23 maart 2009 -
De excessieve managementbeloningen van de afgelopen jaren werden niet alleen gedreven door de hooggespannen verwachtingen van aandeelhouders, maar net zo hard door de behoefte om toptalent binnen te houden. Dit blijkt uit nieuw onderzoek van de University of Utah.
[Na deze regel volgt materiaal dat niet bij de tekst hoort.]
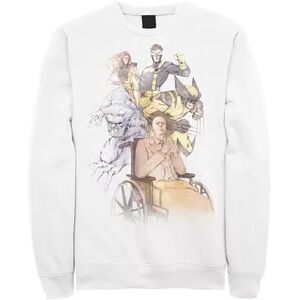 Men's Marvel X-Men Xavier Vintage Group Sketch Graphic Fleece Pullover, Size: Medium, White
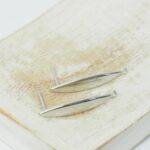 4x24 mm Navette earstud with Loop Platinum-colored x 2 pc(s)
Onderzoekers Scott Schaefer en Rachel Hayes stellen dat ondernemingen zich in een vicieuze cirkel bevonden: als ze hun topmanagers niet overdadig beloonden, liepen ze het risico dat hun aandeelwaarde zouden kelderen.
Lake Wobegone
De onderzoekers noemen dit het ‘Lake Wobegone’-effect, naar de humoristische boeken van Garrison Keillor. In die boeken zijn alle kinderen uit het stadje Lake Wobegone ‘bovengemiddeld’. Schaefer en Hayes stellen dat er iets soortgelijks speelt in de zakenwereld. Organisaties moeten hun CEO’s wel overdadig belonen om hun aandeelhouders te laten zien dat hun topmensen ‘bovengemiddeld’ zijn, en die hoge beloningen rechtvaardigen voor aandeelhouders dat ze een goede investering hebben gedaan. Geen enkele onderneming wil toegeven dat ze een CEO hebben die eigenlijk niet zo goed is, en daarom had geen enkele onderneming een beloningssysteem dat achterbleef bij de marktverwachtingen. Zodra een onderneming een CEO minder zou gaan betalen, zouden de aandeelhouders concluderen dat hij of zij niet goed was en zou het aandeel kelderen. Ontvangt een gemiddelde CEO daarentegen een topsalaris, dan nemen de aandeelhouders automatisch aan dat er een superster aan het roer staat, en dat zou stuwt de prijs van het aandeel.
Hardnekkig geloof
"Het ‘Lake Wobegone’-idee lijkt ervan uit te gaan dat aandeelhouders niet erg slim zijn," stelt Schaefer. "Je kunt je nog voorstellen dat ze een of twee keer voor de gek gehouden kunnen worden, maar dat ze zich wel terugtrekken zodra die goed betaalde CEO’s keer op keer falen." Opvallend genoeg is dat niet het geval en blijft het effect ook bestaan als aandeelhouders al lang in de gaten hebben hoe het zit. Zolang aandeelhouders automatisch concluderen dat een CEO die ‘maar’ één miljoen verdient nooit goed kan zijn, kan een onderneming hem maar beter meer betalen.
Rijk genoeg
Een ander gevolg is het effect dat het heeft op de houding van CEO’s ten opzichte van het nemen van risico’s. "Hun beloningen zijn zo hoog, dat ze zich niet druk hoeven te maken over eventueel ontslag en dus niet bang hoeven te zijn om risico’s te nemen."
Lange termijn
Toch voorspelt Schaefer dat het van overheidswege beperken van de beloningen voor topmanagers waarschijnlijk niet de oplossing is en alleen maar zal leiden tot een uittocht van CEO’s naar, bijvoorbeeld, de consultancywereld. Hij stelt voor om de CEO-beloning te koppelen aan de lange termijn resultaten van een onderneming, door bijvoorbeeld aandelen pas na langere tijd uit te keren. Op die manier lopen de verdiensten van de CEO gelijk op met die van de onderneming, en van de aandeelhouders.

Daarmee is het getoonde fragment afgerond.